For 2 finite sets $A_1$ and $A_2$ , which are subsets of Universal set, then $(A_1-A_2), (A_2-A_1)$ and $(A_1\bigcap A_2)$ are disjoint sets.

Hence it can be said that,
$\left|(A_1-A_2)\bigcup(A_2-A_1)\bigcup(A_1\bigcap A_2)\right| = \left|A_1\right| - \left|A_1\bigcap A_2\right| + \left|A_2\right| - \left|A_1\bigcap A_2\right| + \left|A_1\bigcap A_2\right|$

$\left|A_1 \bigcup A_2\right| = \left|A_1\right| + \left|A_2\right| -\left|A_1 \bigcap A_2\right|$ .
Similarly for 3 finite sets $A_1$ , $A_2$ and $A_3$ ,
$\left|A_1 \bigcup A_2 \bigcup A_3\right| = \left|A_1\right| + \left|A_2\right| + \left|A_3\right| - \left|A_1 \bigcap A_2\right| - \left|A_2 \bigcap A_3\right| - \left|A_1 \bigcap A_3\right|+ \left|A_1 \bigcap A_2 \bigcap A_3\right|$

Principle :

Inclusion-Exclusion principle says that for any number of finite sets $A_1, A_2, A_3... A_i$ , Union of the sets is given by = Sum of sizes of all single sets – Sum of all 2-set intersections + Sum of all the 3-set intersections – Sum of all 4-set intersections .. + $(-1)^{i+1}$ Sum of all the i-set intersections.

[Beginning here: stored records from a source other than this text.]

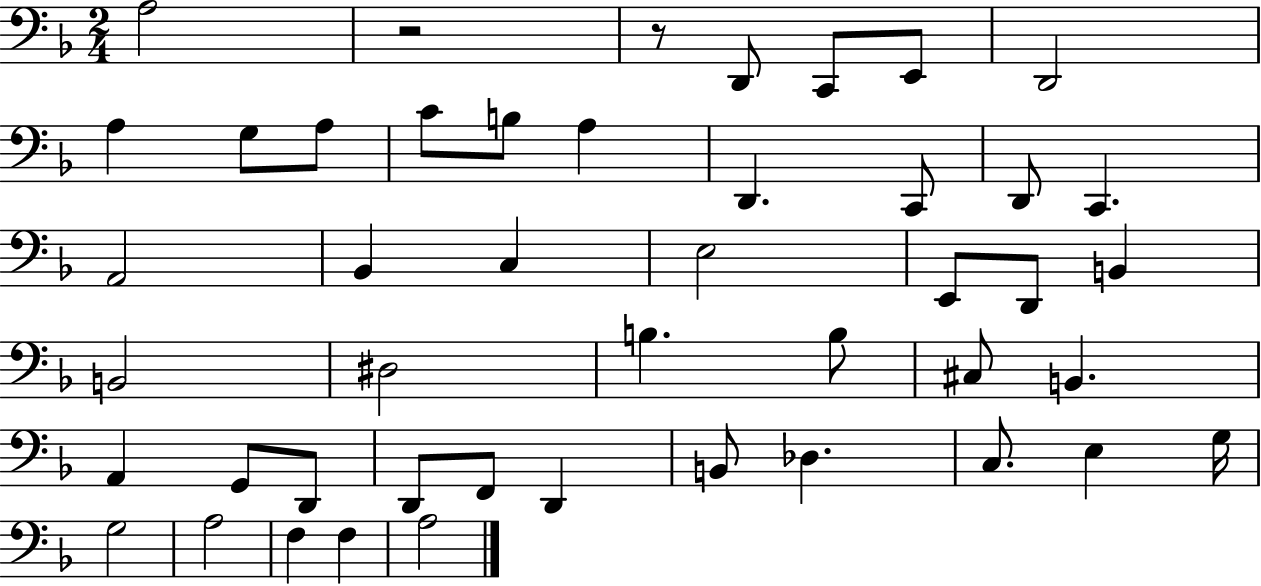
{
  \clef bass
  \numericTimeSignature
  \time 2/4
  \key f \major
  a2 | r2 | r8 d,8 c,8 e,8 | d,2 | \break a4 g8 a8 | c'8 b8 a4 | d,4. c,8 | d,8 c,4. | \break a,2 | bes,4 c4 | e2 | e,8 d,8 b,4 | \break b,2 | dis2 | b4. b8 | cis8 b,4. | \break a,4 g,8 d,8 | d,8 f,8 d,4 | b,8 des4. | c8. e4 g16 | \break g2 | a2 | f4 f4 | a2 | \break \bar "|."
}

In general it can be said that,

$\left|A_1 \bigcup A_2 \bigcup A_3 .. \bigcup A_i\right| = \sum\limits_{1 \leq k \leq i} \left|A_k\right| + (-1)\sum\limits_{1 \leq k_1 \textless k_2 \leq i} \left|A_{k_1} \bigcap A_{k_2}\right| + (-1)^2\sum\limits_{1 \leq k_1 \textless k_2 \textless k_3 \leq i} \left|A_{k_1} \bigcap A_{k_2} \bigcap A_{k_3}\right| .. + (-1)^{i+1}\sum\limits_{1 \leq k_1 \textless k_2 \textless k_3 \textless .. k_i\leq i} \left|A_{k_1} \bigcap A_{k_2} \bigcap A_{k_3} ..\bigcap A_{k_i}\right|$

Properties :

Computes the total number of elements that satisfy at least one of several properties.
It prevents the problem of double counting.

Example 1:
As shown in the diagram, 3 finite sets A, B and C with their corresponding values are given. Compute $\left|A \bigcup B \bigcup C\right|$ .

Applications :

Derangements
To determine the number of derangements( or permutations) of n objects such that no object is in its original position (like Hat-check problem).
As an example we can consider the derangements of the number in the following cases:
For i = 1, the total number of derangements is 0.
For i = 2, the total number of derangements is 1. This is $2 1$ .
For i = 3, the total number of derangements is 2. These are $2 3 1$ and 3 1 2.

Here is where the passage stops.